Le pape laisse les évêques allemands, qui depuis des années sapent l'ordre sacramentel de l'Église avec leur « chemin synodal » et institutionnalisent la bénédiction des couples de même sexe, agir en toute impunité. Des discussions auraient eu lieu avec eux. La Fraternité Saint-Pie-X, quant à elle, est menacée d'excommunication en vertu de l'autorité absolue du pape. Ce dernier ignore la Constitution dogmatique « Lumen Gentium » (n° 21) relative au sacrement de l'Ordre et exige l'acceptation de la Constitution sur la liturgie (« Sacrosanctum Concilium »). Or, ces deux documents émanent du même concile. Ce double discours érode la confiance de nombreux fidèles.

 

L'annonce par la Fraternité Saint-Pie X de consacrer des évêques de sa propre initiative témoigne d'une perte de confiance envers le Pape. La sympathie suscitée par cet acte, bien au-delà des seuls membres de la Fraternité, révèle que pour beaucoup, la confiance a cédé la place à la méfiance. Trop de choses se sont passées, et les conséquences sont dévastatrices. De plus en plus de catholiques prennent conscience que la doctrine de l'Église ne limite plus les actions de la hiérarchie. C'est là le mal qui ronge véritablement l'Église. Et ce mal ne saurait être guéri par l'exercice de la toute-puissance papale au moyen de menaces et d'excommunications. Car si le pouvoir sans contrôle de la partie la plus forte est déterminant au sein de l'Église, une seule conclusion s'impose : ce pouvoir doit être limité.

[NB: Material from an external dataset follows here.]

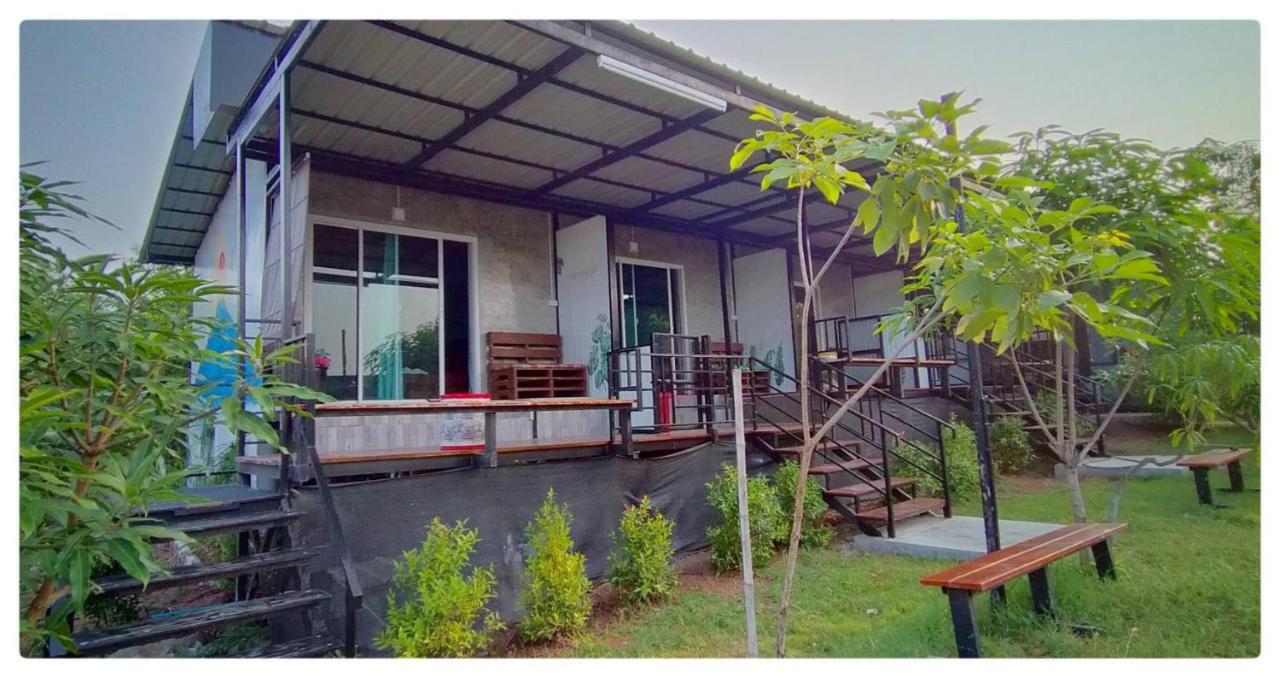 Smile Box Coffee & Resort Nong Hin Εξωτερικό φωτογραφία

L'ordination d'évêques contre la volonté du Pape constitue en définitive une tentative – incontestablement problématique – de limiter la toute-puissance papale lorsque sa limite ne semble plus être la doctrine de l'Église.

 

Pour éviter de nouvelles limitations de la toute-puissance papale dues aux schismes, il n'y a qu'une seule voie possible : le Pape doit panser les plaies infligées à la doctrine de l'Église. C'est la seule façon d'apaiser la méfiance et de restaurer la confiance. Il n'y parviendra pas par des diktats, des menaces et une politique de deux poids, deux mesures. La Fraternité Saint-Pie-X n'est pas le mal, mais un symptôme. Ce symptôme peut être combattu par l'excommunication. La suprématie papale le permet sans aucun doute juridiquement.

 

Mais cela ne guérira pas le mal. Il continuera de s'envenimer, de diviser et d'affaiblir le Corps du Christ, l'Église. Le Pape détient la clé de la guérison. Il doit l'exercer et ne peut rester indifférent. Car même ne pas gouverner, c'est gouverner. C'est aussi une conséquence de l'omnipotence papale.